MS-specific Lineage of Oligodendrocytes May Provide New Hints on MS Development
The cells that produce myelin in the brain and spinal cord, called oligodendrocytes, may play an active role in the onset or progression of multiple sclerosis (MS), according to a study combining data from MS mouse models and the human brain.
This discovery supports the idea that in the context of MS, oligodendrocytes could act similarly to immune cells, a finding that may underpin new therapies targeted to these cells, rather than only to the immune system.
The study, “Disease-specific oligodendrocyte lineage cells arise in multiple sclerosis,” was published in the journal Nature Medicine.
Oligodendrocytes are one of the most abundant cell types of the central nervous system (brain and spinal cord), and the ones responsible for producing the myelin sheaths that insulate nerve fibers and allow electrical impulses to be quickly transmitted.
A team led by researchers at the Karolinska Institutet in Sweden have now found that oligodendrocytes, besides being producers of myelin, might be important players in the development of neurological diseases like MS.
Researchers took an in-depth look at the profile of active and silenced genes in spinal cord oligodendrocytes of MS mouse models — namely the experimental autoimmune encephalomyelitis (EAE) model that mimics several aspects of MS.

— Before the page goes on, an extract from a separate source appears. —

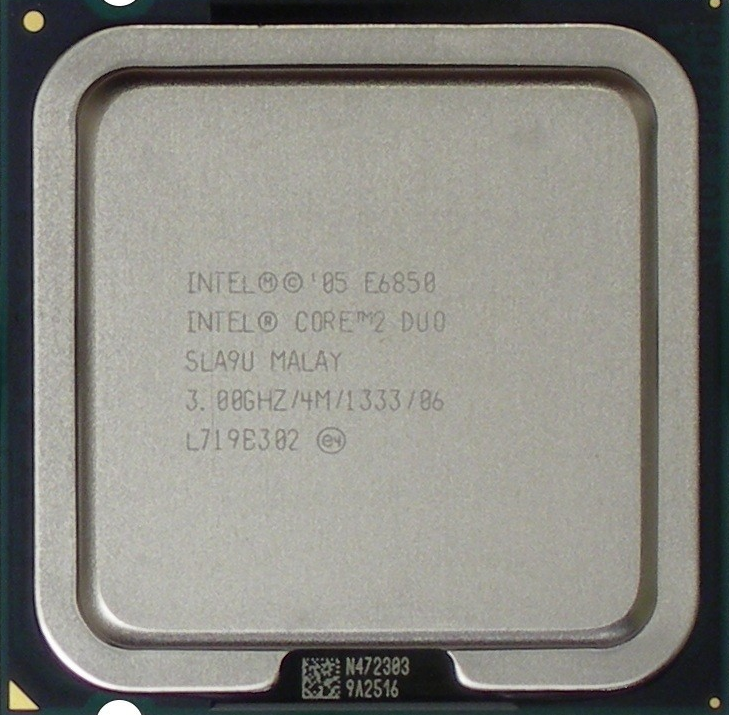 ПОТУЖНИЙ ПРОЦЕСОР 2 ЯДРА S 775 Intel Core2DUO E6850 (2 ЯДРА по 3.0 Ghz кожне, FSB 1333 s775 )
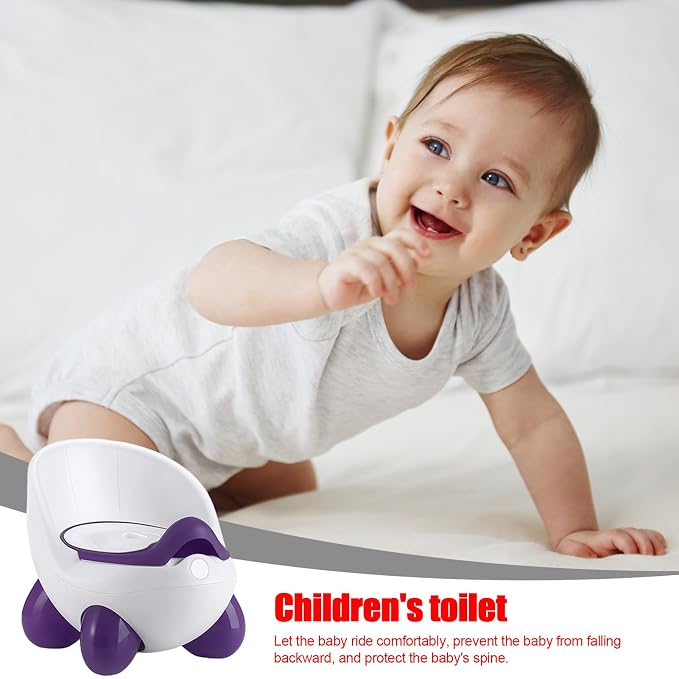 Toddler Potty, Kids Training Potty Urinal, Removable Toddler Toilet Potty Chair, Potty Training Toilet for Travel, Camping, Home (purple)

They analyzed the patterns of gene expression using a recent technique called single-cell RNA sequencing, which delivers a snapshot of the genetic activity of individual cells, providing scientists with clues about their properties and functions.
Researchers saw that when MS-like disease was induced in mice, a group of oligodendrocytes and their precursor cells appeared, which had a unique pattern of gene expression. Specifically, they shared properties with cells belonging to the immune system.
Importantly, these cells could behave like some immune cells that “ingest” other cells or molecules — a process called phagocytosis — and trigger an immune response against them, known as antigen presentation. These cellular processes take part in the destruction of myelin by the autoimmune response during MS.
Similar to immune cells, the disease-associated oligodendrocyte lineage activated genes are involved in the stimulation of immune responses and immunoprotection. The oligodendrocyte progenitors could also regulate the survival and replication of T-cells, one of the most important immune cell types.
Notably, and in line with the mice findings, the team also identified MS-specific oligodendrocytes in brain samples of MS patients.
“Our study provides a new perspective on how multiple sclerosis might emerge and evolve,” Gonçalo Castelo-Branco, PhD, associate professor at the Karolinska Institutet and senior author of the study, said in a press release.
“Current treatments mainly focus on inhibiting the immune system. But we can now show that the target cells of the immune system in the brain and spinal cord, oligodendrocytes, acquire new properties during disease and might have a higher impact on the disease than previously thought,” Castelo-Branco added.
These findings suggest that oligodendrocytes may play unexpected roles and actively participate in the disease process as immunomodulators.
“We will now continue with further studies to ascertain the part played by the oligodendrocytes and their progenitor cells in MS,” Castelo-Branco said. “Further knowledge can eventually lead the way to the development of new treatments for the disease.”